Angelica, che vive in Israele da quasi trent’anni a Sasa in un 
kibbutz della Galilea, è prima di tutto un’educatrice impegnata con 
ragazzi arabi, ebrei, circassi e drusi nell’arduo compito di educare 
alla pace. 
Nell’anno in cui le Torri Gemelle crollavano per mano di terroristi 
islamici, Angelica fondava la Compagnia Teatro dell’Arcobaleno che 
unisce giovani di culture, religioni ed etnie diverse che attraverso 
spettacoli di musica e danza testimoniano il loro rispetto e 
riconoscimento per l’”Altro”. 
Assieme al marito Yehuda, a dispetto delle bombe, dei missili e 
degli attentati terroristici, ha dato vita alla Fondazione 
“Beresheet La Shalom” che si occupa di porgere un aiuto concreto 
alle vittime israeliane del terrorismo, in particolare giovani, 
oltre che sensibilizzare al dialogo fra culture diverse. 
 Autrice 
del libro “Un sì, un inizio, una speranza” edito da Tempi e “Giù le 
maschere” pubblicato da Proedi, ha recentemente presentato alla 
Fiera del Libro di Torino, dove è stata invitata insieme ai ragazzi 
del teatro Arcobaleno, il suo “Diario dalla Galilea”: una cronaca 
intensa e drammatica dei terribili giorni vissuti in Israele durante 
la Seconda Guerra del Libano del 2006. 
E’ il racconto sofferto di una donna coraggiosa, madre di quattro 
figli, due dei quali impegnati a difendere il paese dagli attacchi 
degli Hezbollah, alla quale il quotidiano La Repubblica chiede di 
annotare giorno per giorno le sensazioni, le emozioni che albergano 
nel cuore di una mamma e di un’educatrice durante quei giorni di 
ansia e paura. 
Angelica non si sottrae a questa mitzvà  e nella prima 
parte del libro ci regala momenti di profonda commozione nel 
racconto della difficile quotidianità di un popolo che non ha mai 
voluto, cercato e neppure provocato guerre ma che ancora una volta 
deve mandare i suoi figli a combattere per difendere il proprio 
diritto ad esistere. 
“Fra la ragione che ti tiene abbarbicata alla realtà e le emozioni 
che si susseguono senza posa”, Angelica narra delle preoccupazioni 
per i giovani che rischiano di cadere nei tranelli architettati 
dagli Hezbollah, della forza che deve trovare per occuparsi delle 
1200 persone che le sono state affidate nei villaggi turistici sul 
lago di Tiberiade. 
Attraverso il racconto di Angelica incontriamo Samar, l’amica 
palestinese che cerca di infonderle coraggio, Nimrod, capo animatore 
del villaggio che frustrato per le reazioni ostili che Israele 
riceve da tutto il mondo vuol condividere la sua angoscia con gli 
italiani che sono “gente onesta”, Haim, capo dell’autorimessa del 
kibbutz che si alterna con la moglie per stare vicino ai bambini 
“troppo piccoli per essere lasciati soli” fino a quando riceve la 
“chiamata 8” dell’esercito (lo stato di allarme con il quale vengono 
richiamati alle riserve i soldati d’Israele). 

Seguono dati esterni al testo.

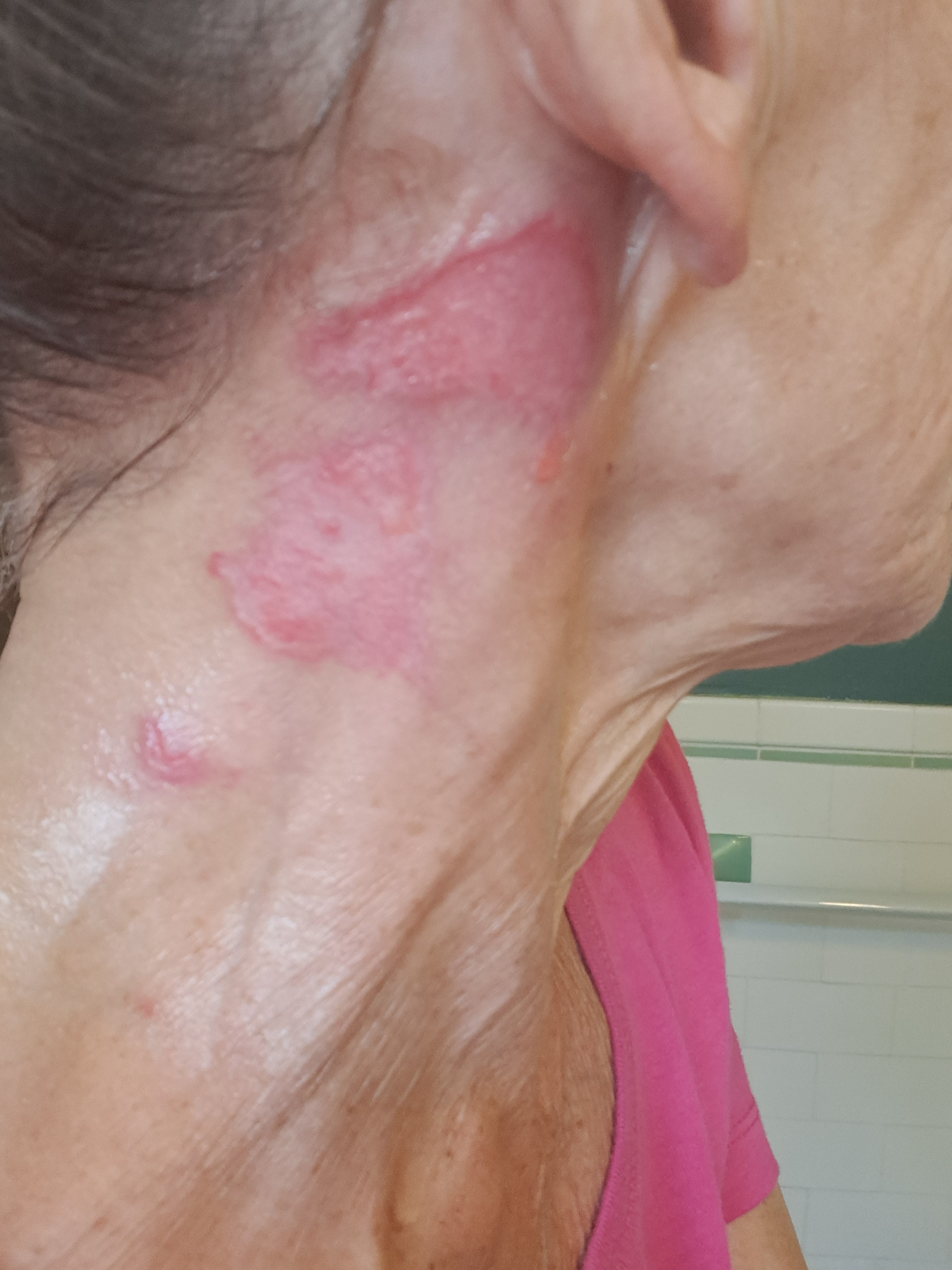 Support Hope Solly's Fight Against Tunga penetrant campaign photo, 1 of 5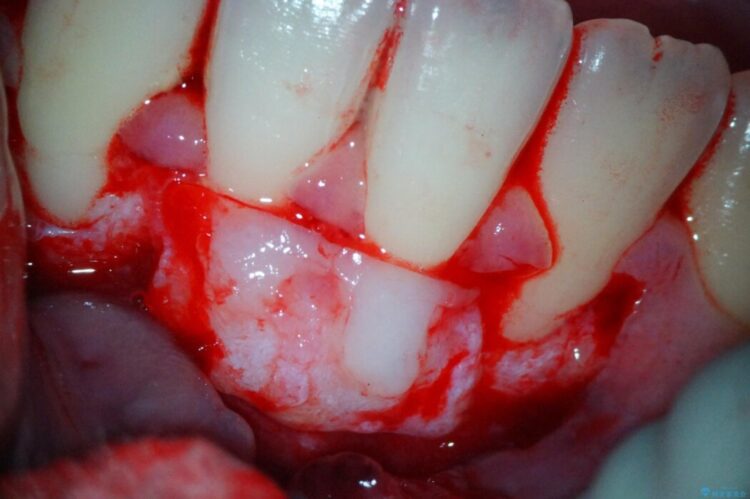 結合組織移植術で下がった歯肉を再生 治療途中画像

Angelica, che i genitori del villaggio chiamano “duracell”, non si 
concede tregua e i bambini affidati alle sue cure “arrivano alla 
fine della giornata esausti dopo i giochi, le simulazioni teatrali e 
tutte le altre attività che creiamo per loro”. 
Sono pagine intense che lasciano con il fiato sospeso ed una 
sensazione di stupore e rispetto dinanzi al coraggio e alla forza di 
volontà di una donna che sotto i bombardamenti incessanti, con il 
frastuono terrificante dei missili che spaventa a morte i bimbi più 
piccoli, continua ad essere una colonna e una bandiera di pace in un 
mondo in guerra. 
Se la seconda parte del libro è una raccolta commovente delle 
testimonianze di affetto ricevute durante i 29 giorni di guerra in 
seguito agli articoli apparsi su La Repubblica, la terza parte 
raccoglie le riflessioni, i sentimenti e le speranze a un anno dalla 
fine della guerra. 
Con la modestia che la contraddistingue, Angelica ci racconta del 
premio “Mamma Lucia” ricevuto a Cava de’ Tirreni nel 2007 (la 
località che ospiterà i ragazzi colpiti dal terrorismo)  
e dell’onorificenza di “Cavaliere dell’Ordine della Solidarietà” 
conferitale dal Presidente Giorgio Napolitano. 
Nell’ultima parte del libro il lettore troverà le emozioni suscitate 
negli spettatori dalla recente tourné italiana: sono testimonianze 
di affetto e gratitudine nei confronti di quei ragazzi ebrei, arabi 
cristiani o mussulmani che con il loro impegno dimostrano che “le 
guerre non possono distruggere lo spirito, gli ideali e la visione 
di un’educazione ai valori più alti dell’uomo”. 
Quei valori che hanno sempre ispirato il popolo d’Israele e per i 
quali ogni venerdì sera l’augurio condiviso è:  
“Shabbat Shalom”. Un sabato di pace!